(Available data):
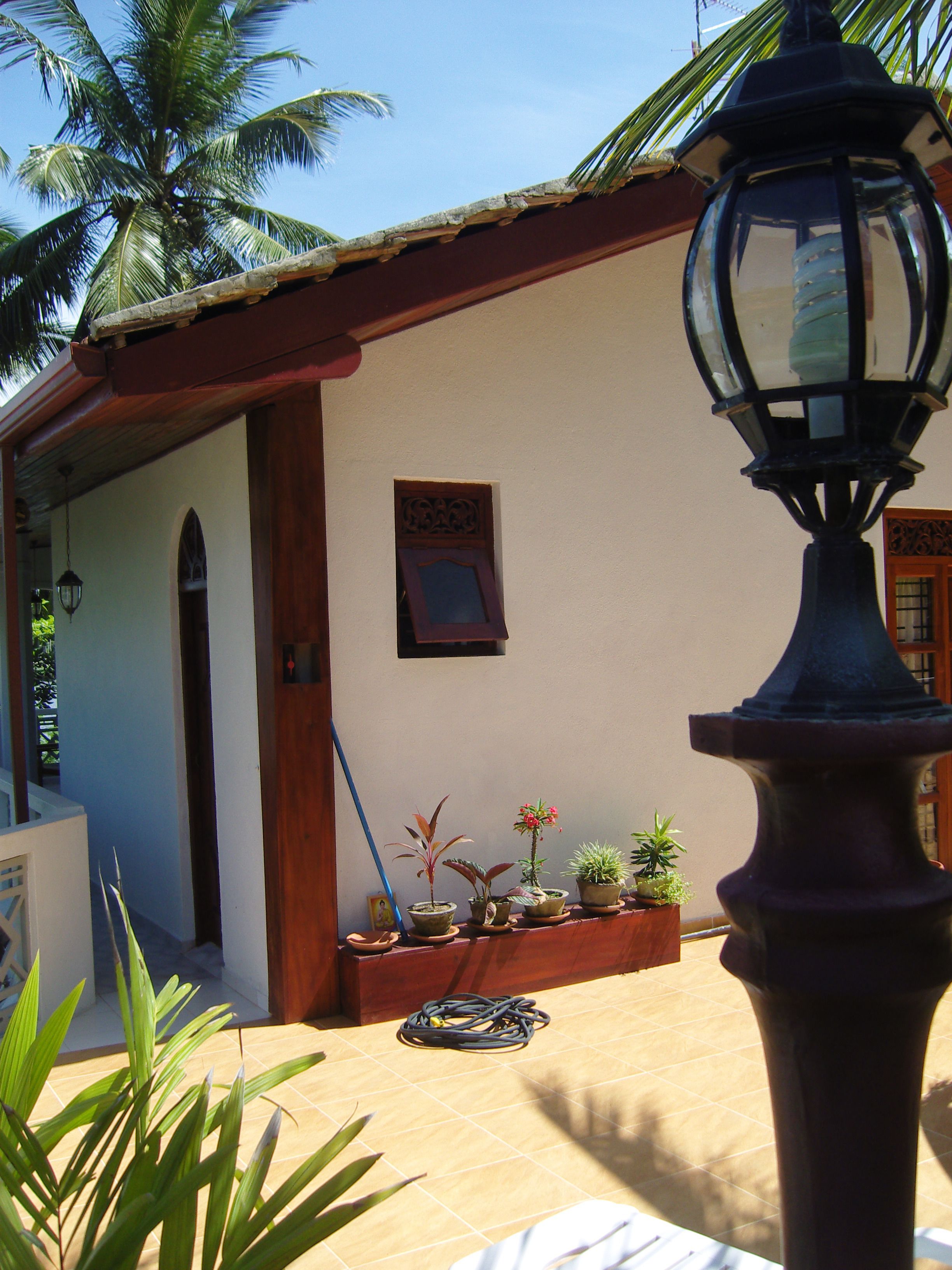 A building with a tiled patio, a wooden door, and several potted plants.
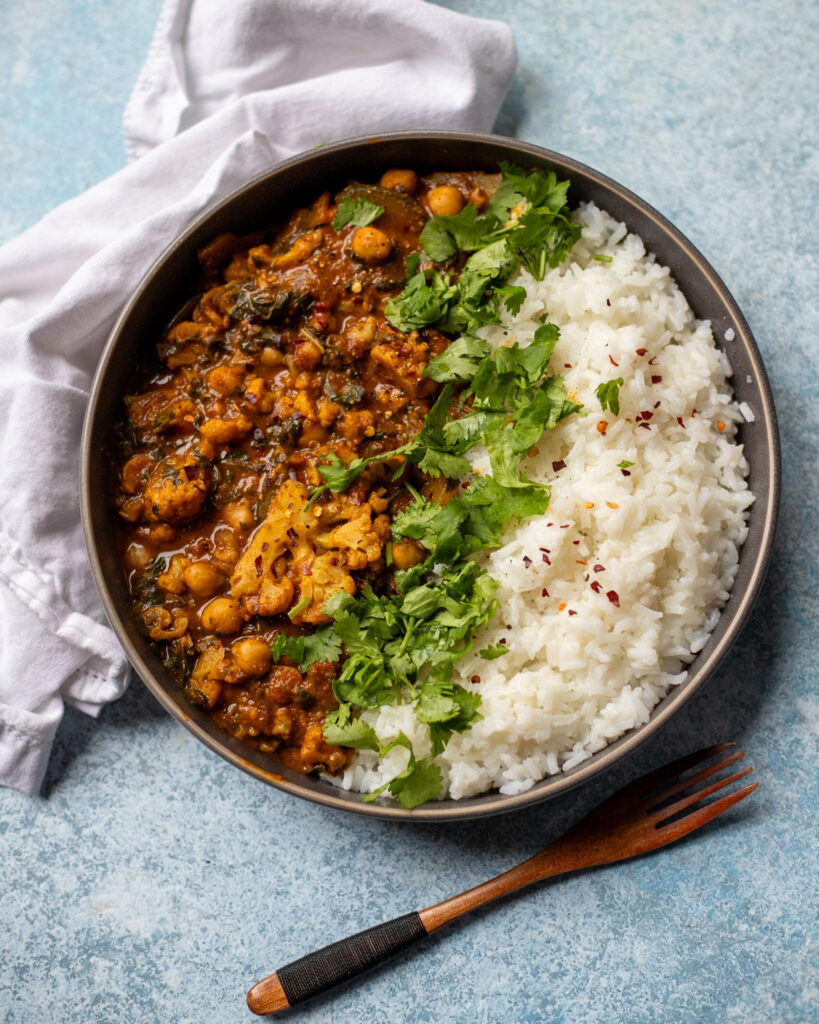overhead view of a gray serving bowl with homemade vegan cauliflower curry with chickpeas in a spicy curry gravy served with white rice, red pepper flakes, and fresh cilantro.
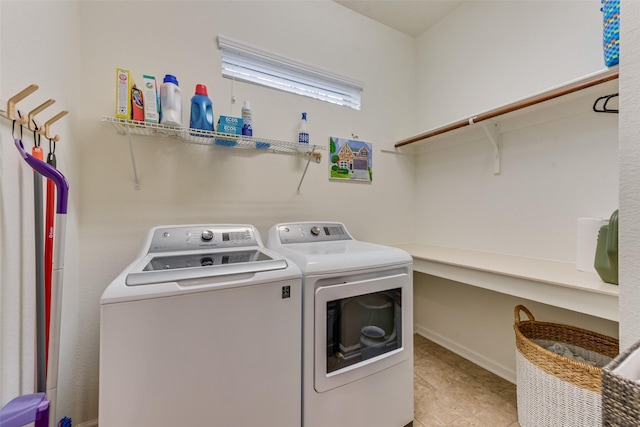 clothes washing area featuring washing machine and clothes dryer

(Your instructions): The exact lines from the one containing "overhead view of" through the end of the data are to be copied, with both ends kept and pictures left out.

(Result for this exercise):
overhead view of a gray serving bowl with homemade vegan cauliflower curry with chickpeas in a spicy curry gravy served with white rice, red pepper flakes, and fresh cilantro.
 clothes washing area featuring washing machine and clothes dryer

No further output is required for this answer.